Digital I/O Bandwidth on the Diecimila


For some reason I can't seem to locate the spec on the bandwidth of the digital I/O of the Diecimila board. Does anyone know what it is?

I spent a long time searching, I apologize if the answer was right under my nose somewhere.

Thanks, Andrew


Hi Andrew, I am not sure what you are asking. could you say a little more about what you want to know.

If you are asking about how quickly the arduino can input and output to the digital ports then that depends on what you want to do and how you do it.

digitalWrite takes about 5 microseconds to turn on and off a pin, but using direct port commands reduces that to around 120 nanoseconds. I haven't measured the response of digitalRead but you can use hardware support for input capture to measure pulses approaching the cycle time of the clock (16mhz).
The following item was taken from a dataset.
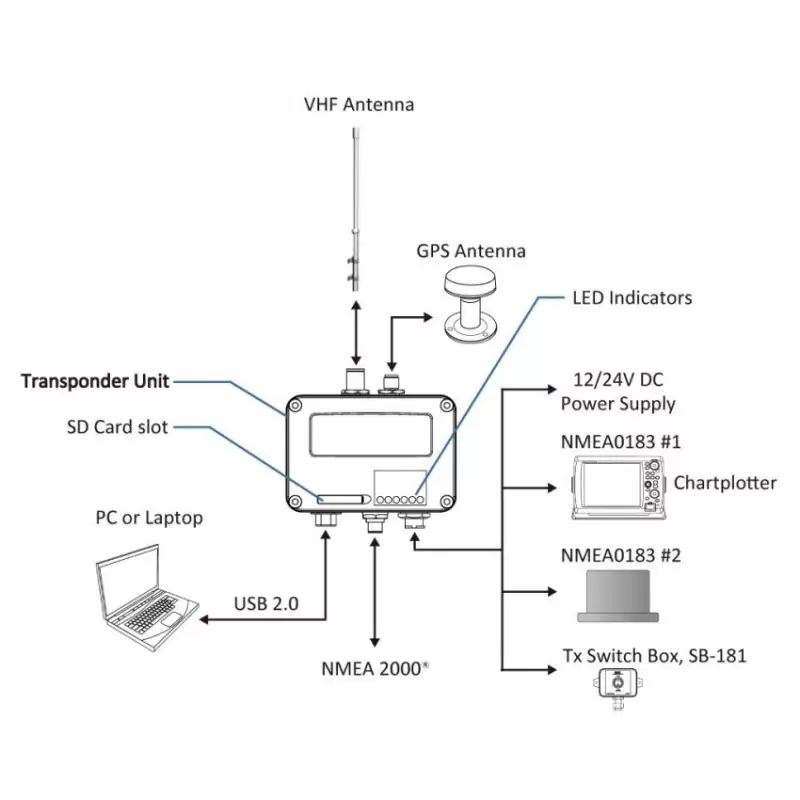 Transpondedor AIS AMEC Camino 108 + Antena GPS GA-22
What is it you want to do?


Thanks for responding.

I want to read the pulse trains from three quadrature encoders, ie: 6 inputs with a maximum frequency response of 200KHz. Ideally I would like to measure the phase difference of each encoder pulse train pair and output either step-dir messages or absolute position to a pc via the serial port.



Andrew, I would guess that it would be difficult to achieve what you want on an arduino without some additional hardware support. I don't think the ATmega168 can capture 6 external interrupts and I don't think polling would be fast enough, assuming the three encoders are not synchronised.

But perhaps something like the Microchip MCP23017/MCP23S17 IO expander IC might help.

Anyway, I am regularly amazed with the unexpected things I see people achieve with the arduino so perhaps someone that has tackled a similar challenge can comment.

I don’t think polling would be fast enough,

Its just over 13 instructions in between polls.
Doable but it is cutting it rather fine.
Using a 20mhz crystal allows for 16 instructions between polls.

Its possible but it wouldn’t be able to do much other than relay the raw data to something else.
It would be impossible to check direction or figure out the absolute position on the chip.